There is no doubt that good dental health is part of overall good health. Yet, most dental services are not covered by typical major medical health insurance or Medicare, the large public health insurance plan for seniors and disabled people in the USA. It may be hard enough to afford routine dental checkups and cleaning, but it is even more challenging to plan for the costs of really expensive dental services like orthodontics, crowns, and dentures.
Affording the Dentist: Obtaining Dental Insurance
If you qualify for private health insurance from the health insurance marketplace, you may be able to add in health reform marketplace dental insurance. Americans who make a moderate income and do not have access to other affordable health insurance usually qualify for private plans, and they may even qualify for tax credits to help pay the bill.

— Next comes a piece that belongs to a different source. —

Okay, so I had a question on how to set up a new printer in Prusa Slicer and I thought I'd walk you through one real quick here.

Others can choose to purchase coverage on the individual market or sign up with a group dental plan at work. Still, most dental insurance comes with deductibles, waiting periods, and yearly limits, and many dental insurance policies exclude cosmetic work, like braces, so it is very important to balance the costs and benefits.

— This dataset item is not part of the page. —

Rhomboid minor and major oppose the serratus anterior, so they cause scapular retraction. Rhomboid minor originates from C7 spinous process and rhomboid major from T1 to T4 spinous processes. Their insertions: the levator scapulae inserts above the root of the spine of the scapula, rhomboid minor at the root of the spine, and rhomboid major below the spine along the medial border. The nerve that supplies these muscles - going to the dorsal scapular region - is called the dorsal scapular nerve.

Dental Insurance and Medicare
Note that people who receive Medicare benefits do not qualify for the health insurance marketplace. Medicare only covers dental work in very limited circumstances. Some Medicare Advantage plans offer supplemental dental insurance that extends the coverage provided by traditional Medicare, but it is still pretty limited. Some beneficiaries buy stand-alone dental insurance policies, but the same cautions apply about shopping for Medicare dental insurance as apply to any other dental policies.
Dental Discount Plans
These are not dental insurance, but they work in a way that might remind you of the way an HMO or PPO works. They come with a network of dental professionals who offer discounted services, and some may even offer free or really cheap checkups, x-rays, and cleanings to attract new patients. The good thing is that discounts usually apply to a variety of different oral services, and this might include routine dentistry, cosmetic dentistry, and even dentures.
Dental discount plans are usually much cheaper than dental insurance, but they don’t actually pay for anything. If you buy a dental insurance PPO or HMO, you may already get discounted network services, even on uncovered services. so you might not need to purchase a discount plan. In any case, you should compare the price and the benefits to make the best choice.
Local Dental Colleges
If you are lucky enough to live in a community with a local dental college, you may have access to cheap dental services. These colleges need to train student dentists, and they may offer routine and cosmetic dental services to community residents at very low prices. All work still gets supervised by professional dentists, so you don’t need to worry about having students working on your teeth. You can also get your teeth cleaned at a school that trains hygienists. Visit the Commission on Dental Accreditation to find dental schools in your city.
Work Out Payments With Your Dentist
Dentists used to be a little bit easier about setting up payment plans, but they must have gotten burned a few times. Some offices, especially those of orthodontists, will still set up payment plans. Alternatively, finance companies like Care Credit offer a credit card that works at participating dentist’s offices, and they are usually willing to offer credit to people with fair to great credit.
Local Foundations and Charities
A number of local foundations and charities may offer help. Additionally, you can find federal, state, or community dental clinics that offer dental services on a sliding fee scale that is based upon income. PPARX was founded as the Partnership for Prescription Assistance, but they also have a handy online search that you can use to find all sorts of discounted medical and dental services too.